Below is a brief overview of the different programs on offer, check the calendar here to see when each is offered.
- Bush Kids: Kids will learn about the environment and with natural resources make a boat and race it down the creek. For kids 5-14 | Cost $20 | 90 minutes | Morning or afternoon tea is provided.
- Bush Tucker Tracker: Kids will learn about native wildlife and get to taste local bush tucker. For kids 8-14 | Cost $20 | 90 minutes | Morning or afternoon tea is provided.
- Construct a Lantern: Kids will use recycled materials to make a lantern. For kids 5-14 | Cost $20 | | 90 minutes | Morning or afternoon tea is provided.
- It’s Knot School: Kids will learn how to tie a range of knots, then put their knowledge to practice. For kids 8-14 | Cost $20 | 90 minutes | Morning or afternoon tea is provided.
- Kids Night Adventure: Kids will go on a night creek walk and try to spot native wildlife. They will then make damper over an open fire and have a sausage sizzle. For kids 5 – 14 | Cost $30 | 2.5 hours
- Kids Only Adventure Camp: For kids aged 10 to 15, they can join this 3 day, 2 night kids camp where they’ll get to do a range of fun camping related activities. Cost $375
- Light Your Fire: Kids will learn how to get a fire started without matches. For kids 8-14 | Cost $20 | 90 minutes | Morning or afternoon tea is provided.
- Stealth Tracker: Kids will learn how animals blend into their environment and learn how they can also walk through the bush without a sound! For kids 8 – 14 | Cost $20 | 90 minutes | Morning or afternoon tea is provided.
- Wild Pizza: Kids will play a range of games and make their own camp oven pizza. After pizza, they will chat around the fire telling stories and star gazing. For kids 11-17 | $30 | 2.5 hours
Join a Special Camp
If you’re keen why not join a special camp down at Mt Barney Lodge? At certain times throughout the year, they offer a range of camps as follows:
- Kid’s Bushcraft and Survival Camp: For kids aged between 12-17, these 3 days camps teach kids all about survival in the bush.

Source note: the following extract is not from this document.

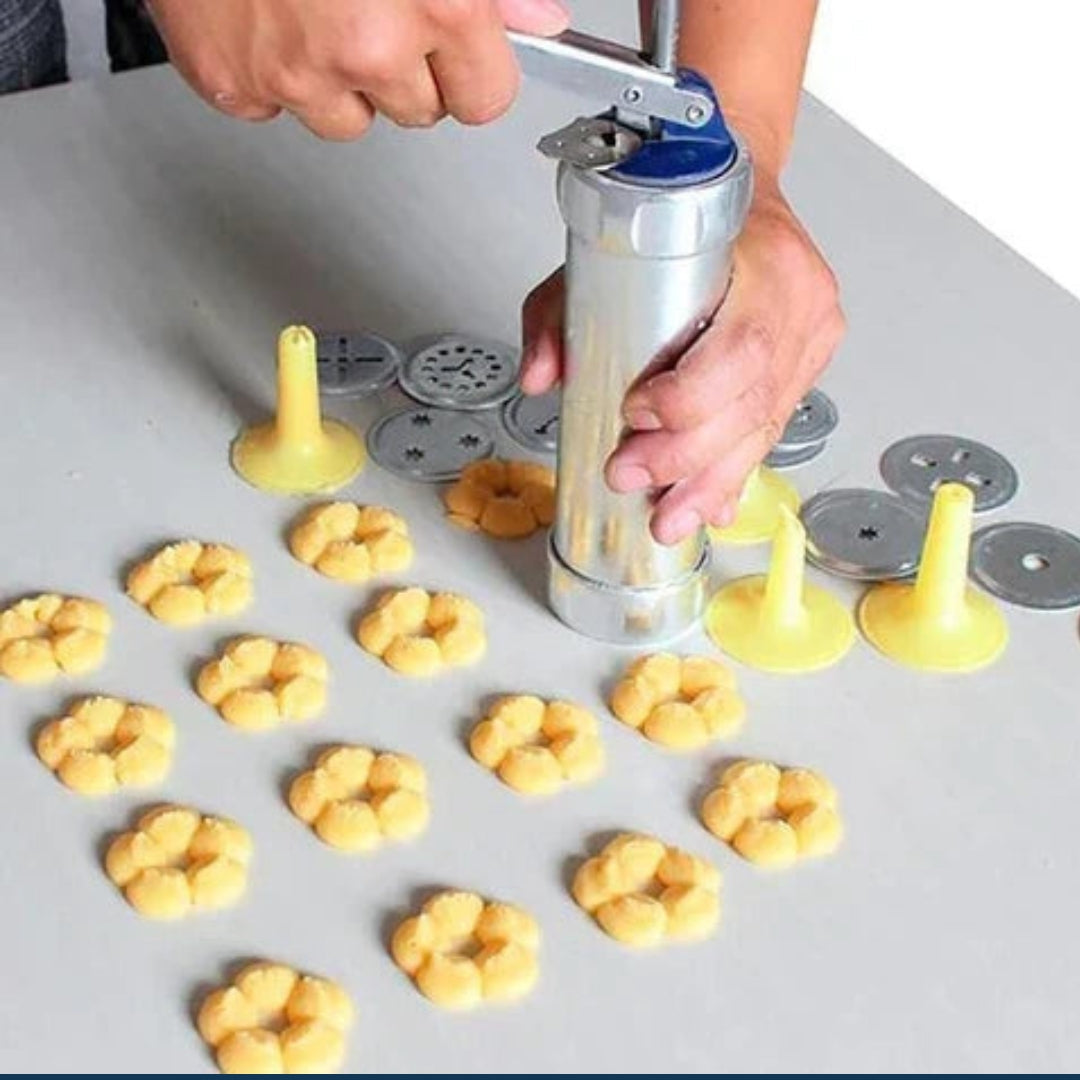 Moule à biscuits Aluminium avec 20 Formes et 4 Embouts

- Parent and Child Camps: These 2 day camps are aimed at helping a parent and their child bond over some quality one on one time as they complete a range of activities including rock climbing, bushwalking and cooking.
We spent a weekend down at Mt Barney Lodge during February, which is their low season as most people tend to visit during the colder months. I can imagine how nice this would be snuggling around the fireplace. However I think the warmer months are just as good – if not better in some ways as we went swimming in the icy cold rockpools, there would be no way I’d be doing that in the winter months! Plus we spent hours out on the verandah drinking wine, having cups of tea as well as playing board games.

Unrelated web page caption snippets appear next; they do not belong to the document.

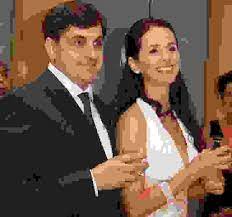 In 2000, cornel diaconu a dorit ca madalina manole si sotul ei de atunci, serban georgescu, sa interpreteze in duet o piesa scrisa de serban: Dezvaluiri Noi Despre Sfarsitul Madalinei Manole Si Divortul Ei De Serban Georgescu Tabu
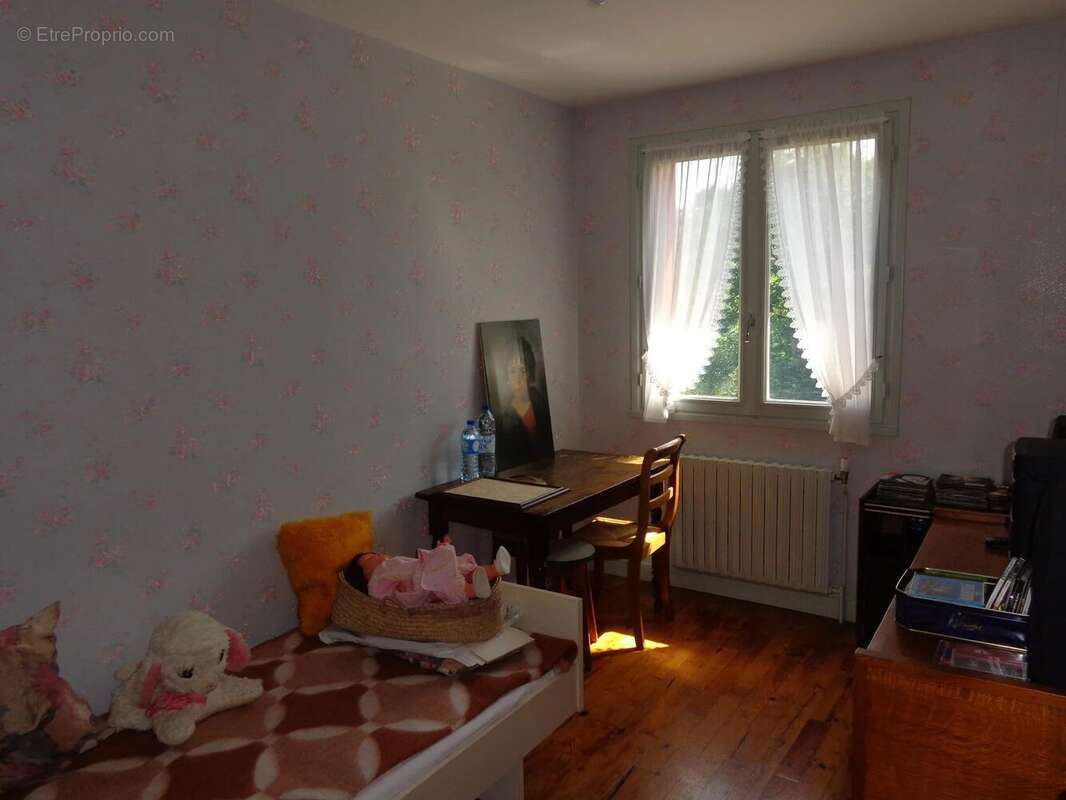 Maison à CHAMBOST-ALLIERES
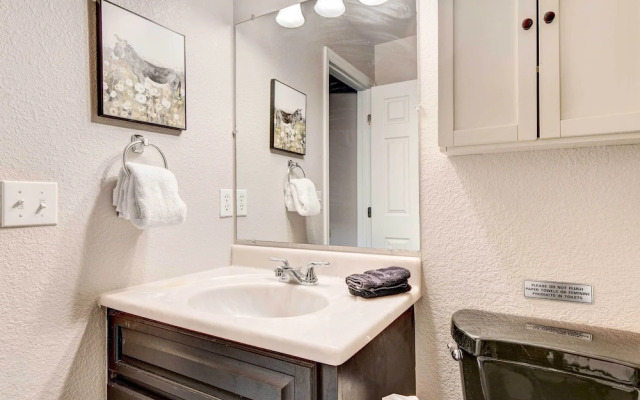 Denver Townhome in Highlands w/ Spacious Yard!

The property is just stunning no matter what the season. Surrounded by rolling green hills with spectacular views of the monstrous Scenic Rim peaks, the scenery is just beautiful! No matter where you stay on the property, relaxing while soaking up the scenery is rejuvenating.
Of course, the Lodge is a great base for those wanting to do one of the various walks in the Mt Barney National Park. Still, even if you want to stick closer to the Lodge, the kids will love splashing about in the Logan River or riding their bikes around the vast property.
So if you’re looking for your next family getaway, why not consider a break at Mt Barney Lodge.